_What the task requires_: Find the line below with "Beautiful woman in" and the line with "Cricket bowler in". Output them and the lines between, exactly, but not the pictures.

_Data to process_:
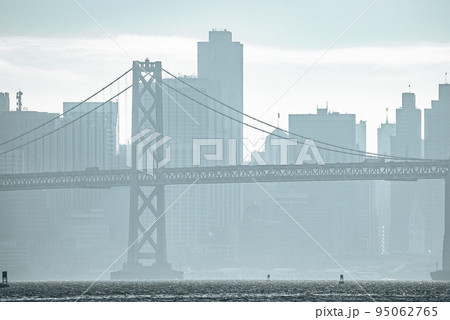 Idyllic view of Bay Bridge and urban skyline during foggy weather in San Francisco. Downtown district lying on sea front with cloudy sky in background. Famous tourist attraction in city. 95062765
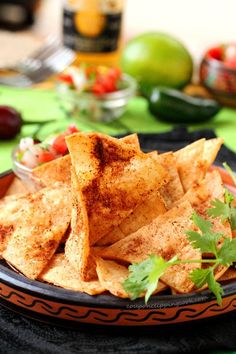 tortilla chips with cilantro and tomatoes on the side are ready to be eaten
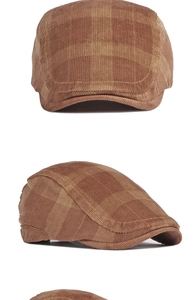 Close-up of brown plaid corduroy fabric texture on a vintage British style flat cap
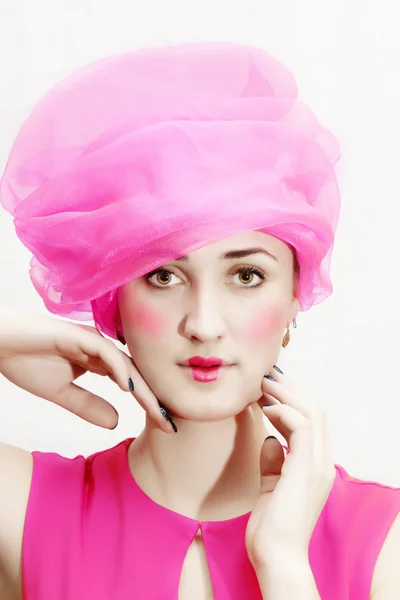 Beautiful woman in a pink hat and dress — Stock Photo, Image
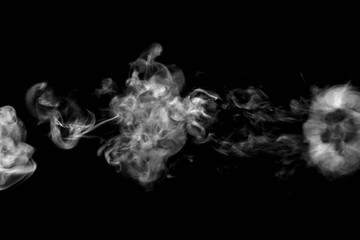 white smoke isolated on black background.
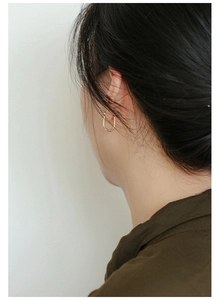 Close-up of minimalist gold U-shape horseshoe earring worn by a model in a side view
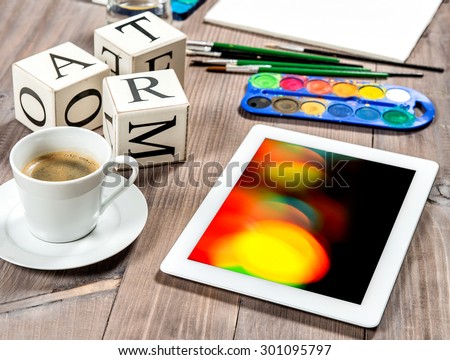 Artistic workplace mock up with black coffee. Watercolor, brushes, painting tools and accessories. Light leaks on tablet pc screen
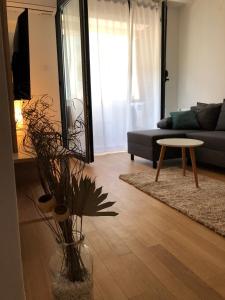 uma sala de estar com um sofá e uma mesa em Apartment IRIS em Novi Sad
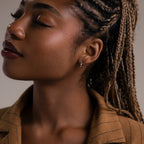 Woman with braided hair wearing a silver hoop earring and a brown jacket against a neutral background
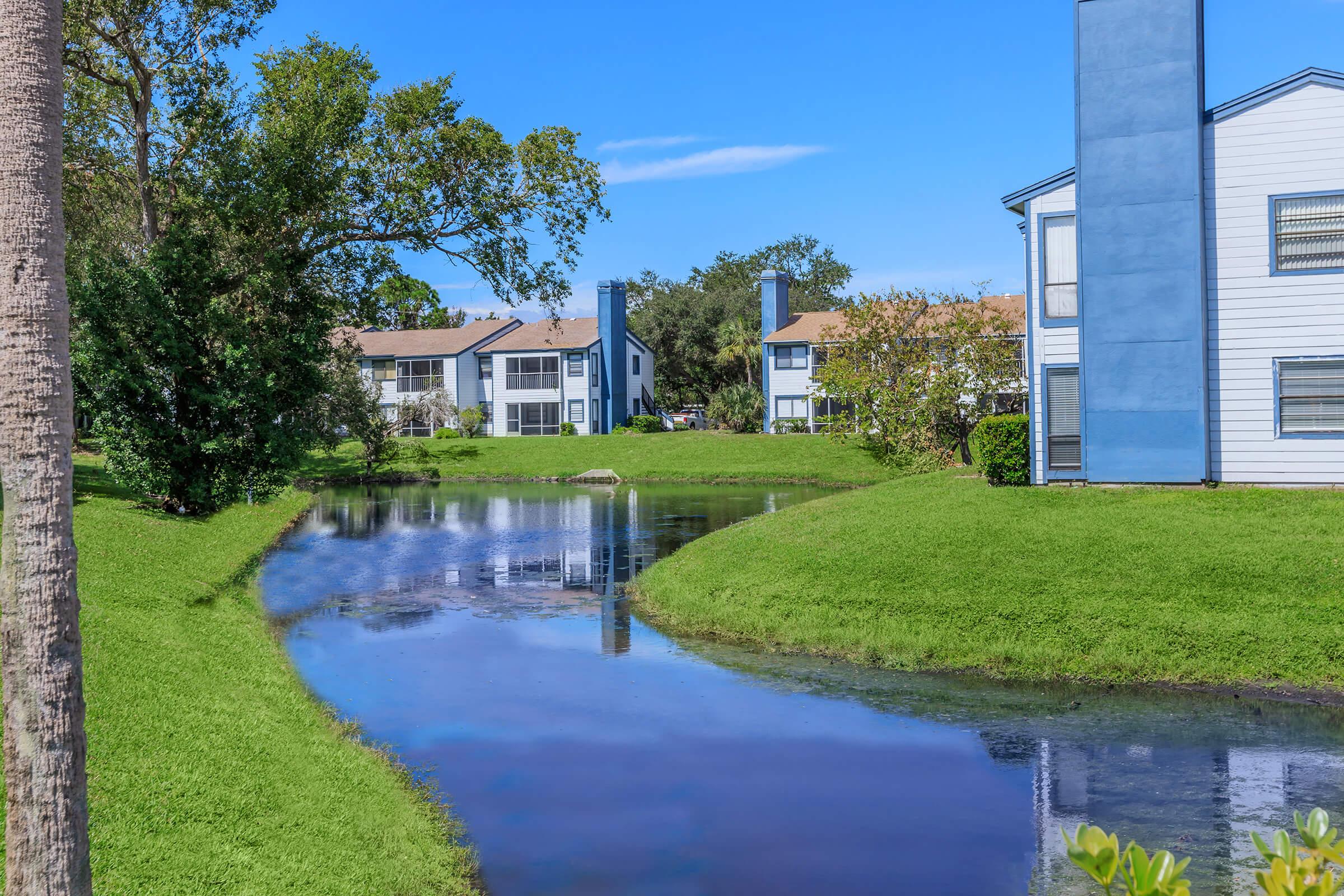 a house with a lawn in front of a body of water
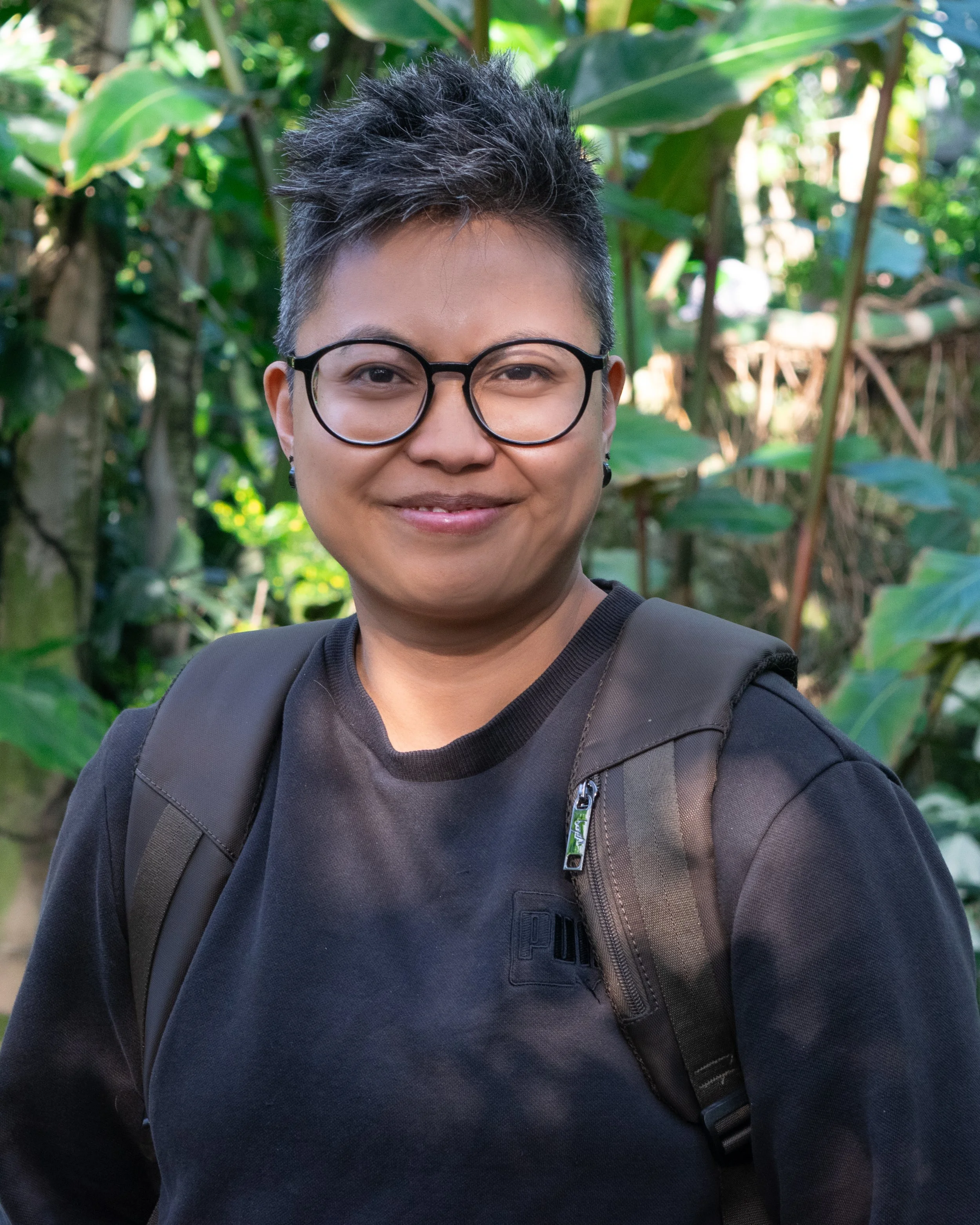 A person with short dark hair, glasses, and earrings, smiling outdoors with lush green foliage in the background.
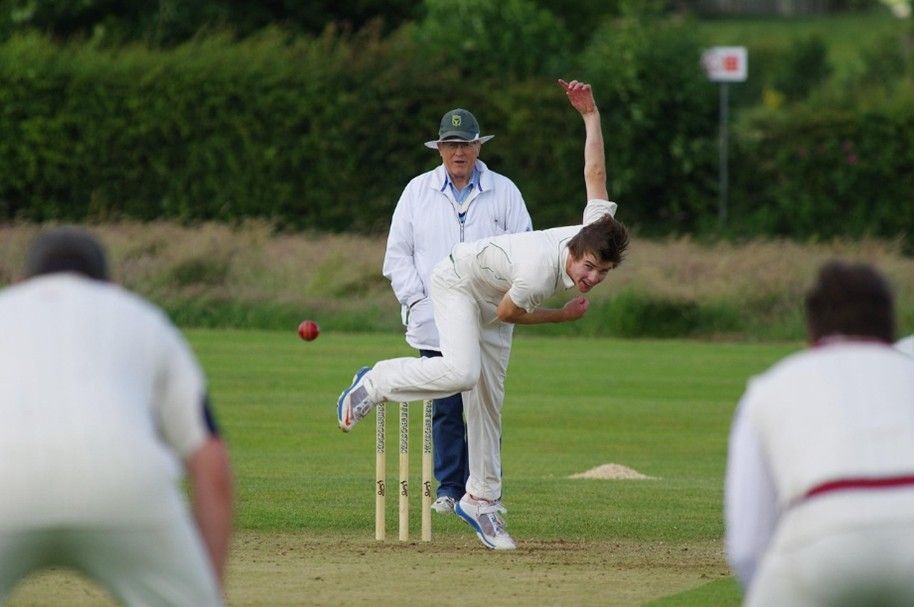 Cricket bowler in white uniform bowls, red ball in air, umpire watches, two batsmen in foreground.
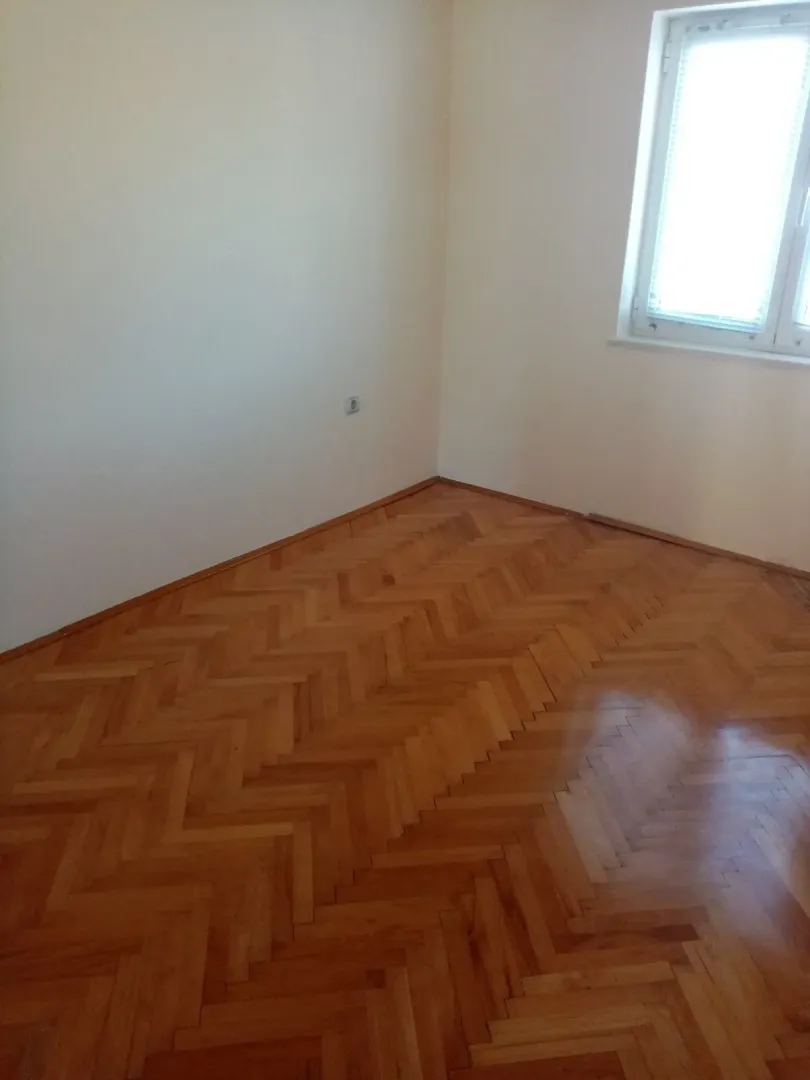 An empty room featuring parquet flooring and a window.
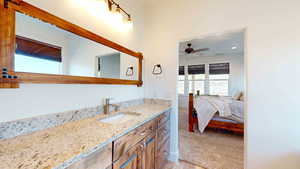 Bathroom with ceiling fan and vanity with extensive cabinet space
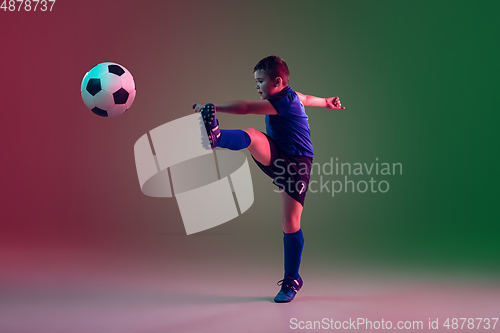 Image of Teen male football or soccer player, boy on gradient background in neon light - motion, action, activity concept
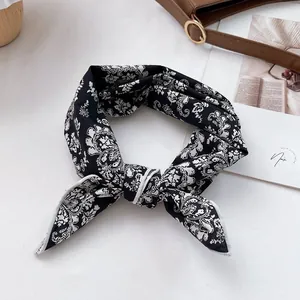 Floral paisley cotton square scarf in black and white shown with luxury styling props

_Result of the exercise_:
 Beautiful woman in a pink hat and dress — Stock Photo, Image
 white smoke isolated on black background.
 Close-up of minimalist gold U-shape horseshoe earring worn by a model in a side view
 Artistic workplace mock up with black coffee. Watercolor, brushes, painting tools and accessories. Light leaks on tablet pc screen
 uma sala de estar com um sofá e uma mesa em Apartment IRIS em Novi Sad
 Woman with braided hair wearing a silver hoop earring and a brown jacket against a neutral background
 a house with a lawn in front of a body of water
 A person with short dark hair, glasses, and earrings, smiling outdoors with lush green foliage in the background.
 Cricket bowler in white uniform bowls, red ball in air, umpire watches, two batsmen in foreground.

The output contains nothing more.